To cope, state and federal officials are proposing several initiatives or suggesting the acceleration of existing programs, although officials said their efforts still fall well short of the money needed.

Among the initiatives: a proposal to boost HUD funding; possible expansion of a unique Texas program that uses state general obligation bonds to improve colonias; and a wave of lawsuits by the Texas attorney general's office to sue developers and recover some damages.

The HUD proposal represents the latest initiative. Earlier this year, HUD Secretary Henry Cisneros was shocked when he visited colonias near El Paso, Tex. "He came back full of anger and commitment," said Latimer.

In a recent speech, Cisneros said, "We are talking about the poorest of the poor. Take the worst unit in any public housing project in this country and set it in many a location of colonias along the Mexican-U.S. border and you may mistake it for a mansion."

To improve conditions, Cisneros has asked for a $200 million colonias allocation in the fiscal 1995 federal budget. If Congress approves it, the HUD program would be an unprecedented effort to devote federal dollars to such an effort in the border states, Garza said. Garza, a former project supervisor for the Dade County Public Schools, would oversee the program in his position as special assistant for migrant farmworker housing and colonias.

HUD officials said Cisneros has proposed flexible funding so that the HUD money will complement existing funding scattered throughout other federal programs, such as the Environmental Protection Agency and Farmers Home Administration. The funds also could work in tandem with state programs, such as Texas' Economically Distressed Areas Program, which provides bond-financed funds for water and sewer programs.

"There is no state better mobilized than Texas to address the problems of colonias," said HUD's Latimer. "Texas is out ahead of the country and the federal government."

He said the Texas distressed areas program could be a model for other states seeking to improve conditions in colonias.

Under the program, which voters approved about two years ago, the state is allocating $250 million in general obligation bond financing to provide water and sewer improvement grants and loans to poor communities. It is the first time a state has backed such improvements with GO bonds, state and federal officials said.

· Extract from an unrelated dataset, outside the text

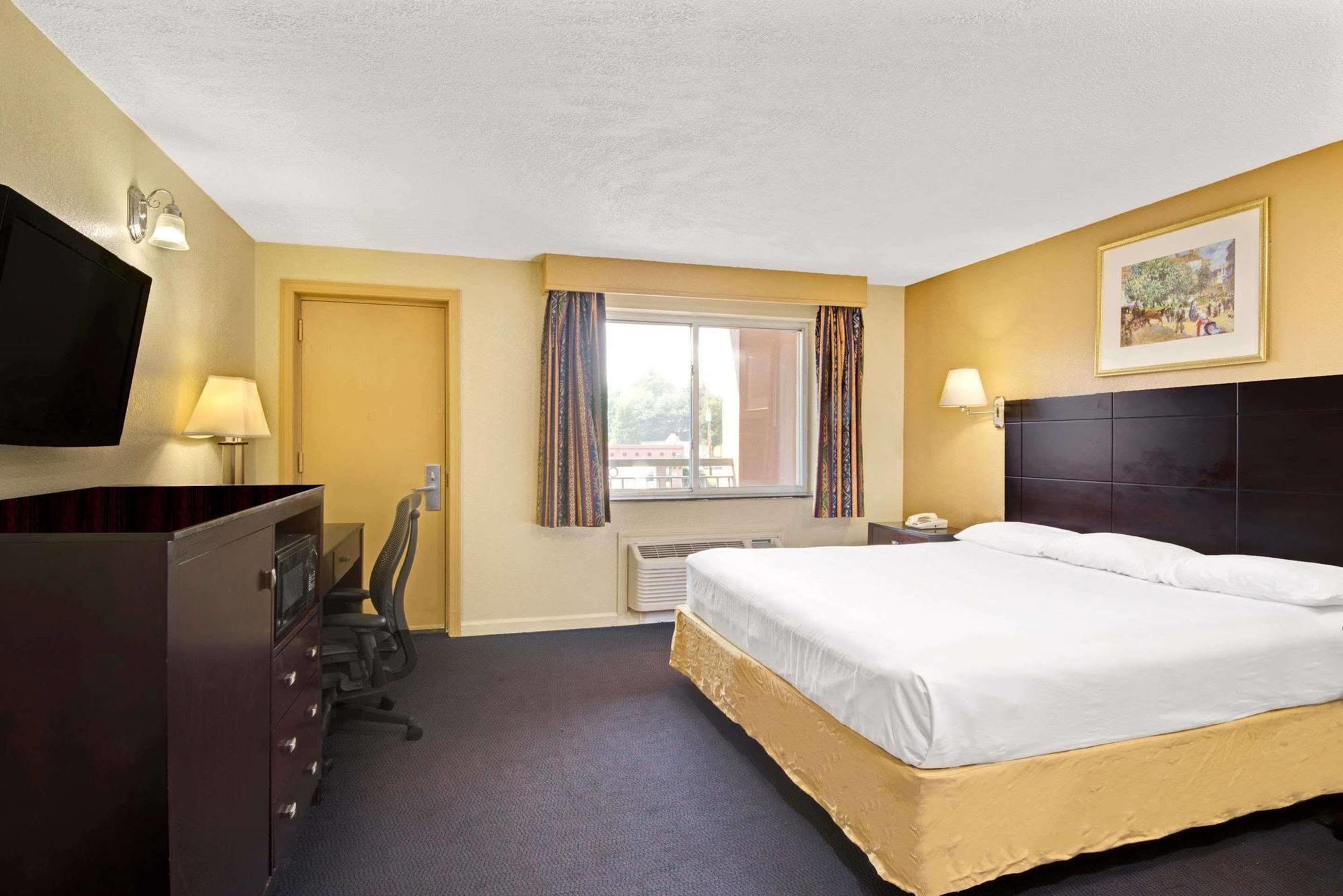 Hotel Super 8 By Wyndham Milford/New Haven Extérieur photo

Operated by the Texas Water Development Board, the distressed areas program is supplemented by $70 million from the state and the Environmental Protection Agency. The program targets 27 eligible counties along the Texas-Mexico border, where poverty and high unemployment have spurred the growth of colonias.

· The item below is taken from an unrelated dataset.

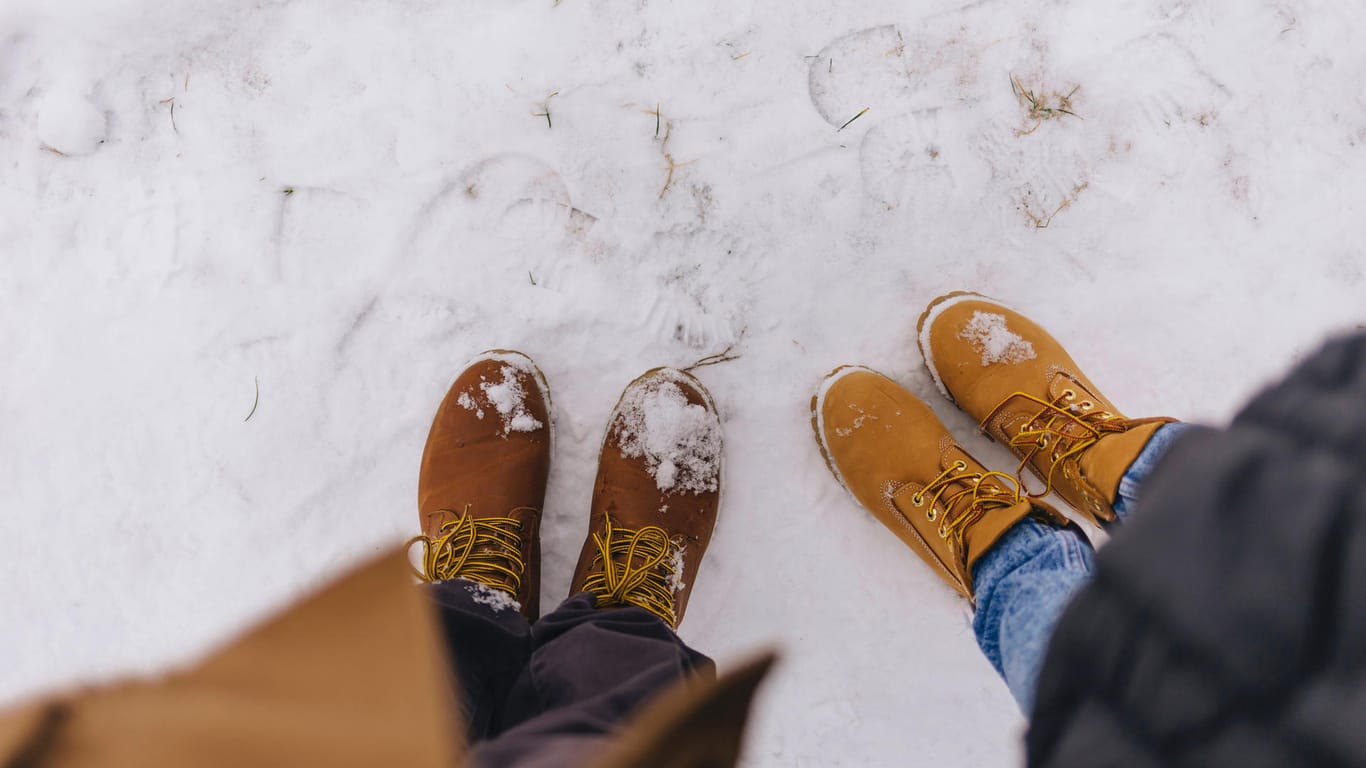 Winterschuhe: Mit der richtigen Pflege können die Schuhe länger getragen werden.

During the past two years, more than $200 million has either been spent or committed for 36 sewer or water projects in Texas colonias, Water Development Board officials said. Most are in the planning stages, although a few have been completed or are under construction.

For example, the first project that provided water and wastewater service for almost 1,300 colonia residents in Edinburg, Tex., was completed for $1.45 million this past summer. Nearby, adjacent to the city of Brownsville, a $6.65 million project is under way to install wastewater treatment and water for almost 4,400 residents of the Cameron Park colonia.

Despite the progress, Tom Brown, deputy executive administrator of the water board, said more federal or state funding is needed to provide sewer and water systems in colonias.

"Our current funding is inadequate," Brown said. "We only have about half the amount that is needed." Moreover, Brown said Texas should not have to pick up the whole tab for improving colonias.

"The federal government has got to be involved to come up with more money," he said. "It's an international border."

Meanwhile, the Texas attorney general's office has assembled a strike force of about 12 lawyers and six investigators for a legal crackdown. The team is planning a "wave of lawsuits" within the next several weeks to recover damages from developers, said Javier Guajardo, special assistant to the attorney general and director of the colonias strike force.

"If we can't eliminate the growth of colonias, at least we can slow it down," Guajardo said.